### Caption-style text data
╔══

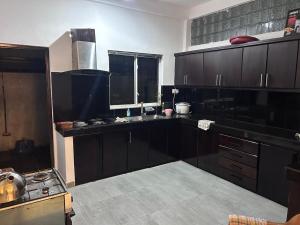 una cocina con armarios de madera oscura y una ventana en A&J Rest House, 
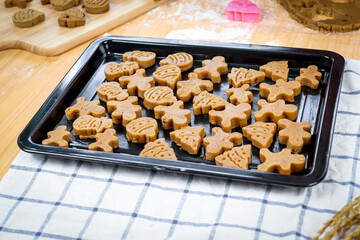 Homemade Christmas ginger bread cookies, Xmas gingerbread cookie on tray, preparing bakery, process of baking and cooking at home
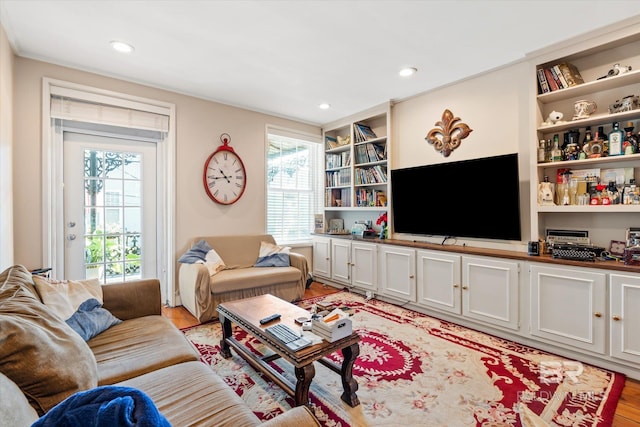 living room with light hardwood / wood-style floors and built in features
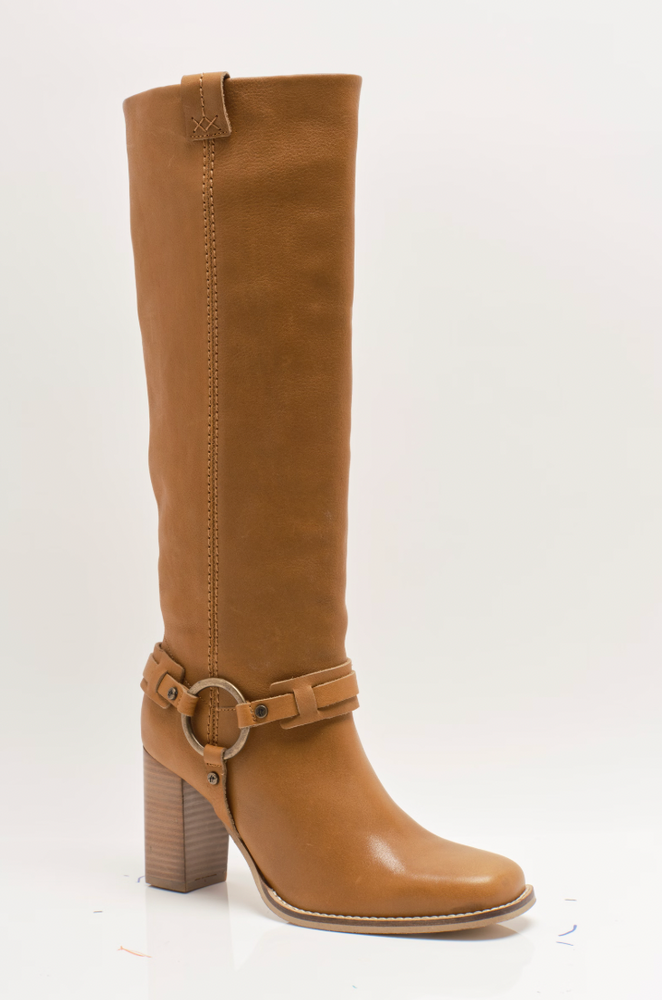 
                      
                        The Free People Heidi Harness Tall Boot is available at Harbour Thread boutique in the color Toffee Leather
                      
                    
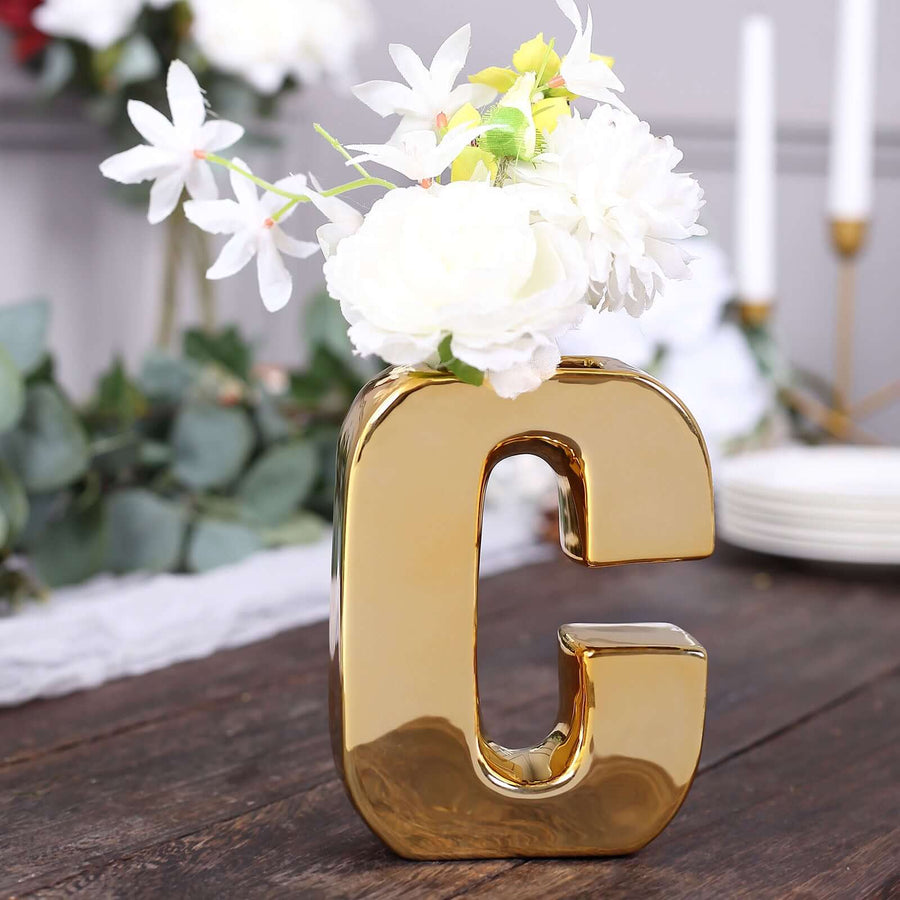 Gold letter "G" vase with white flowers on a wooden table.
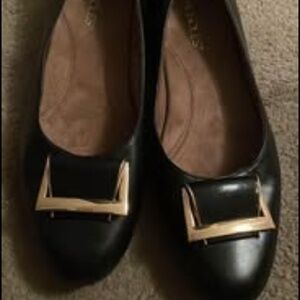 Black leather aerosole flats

╚══

What is needed is a word-for-word copy of the data, minus its pictures.

### ANSWER FOR THIS EXERCISE
 una cocina con armarios de madera oscura y una ventana en A&J Rest House, 
 Homemade Christmas ginger bread cookies, Xmas gingerbread cookie on tray, preparing bakery, process of baking and cooking at home
 living room with light hardwood / wood-style floors and built in features
                      
                        The Free People Heidi Harness Tall Boot is available at Harbour Thread boutique in the color Toffee Leather
                      
                    
 Gold letter "G" vase with white flowers on a wooden table.
 Black leather aerosole flats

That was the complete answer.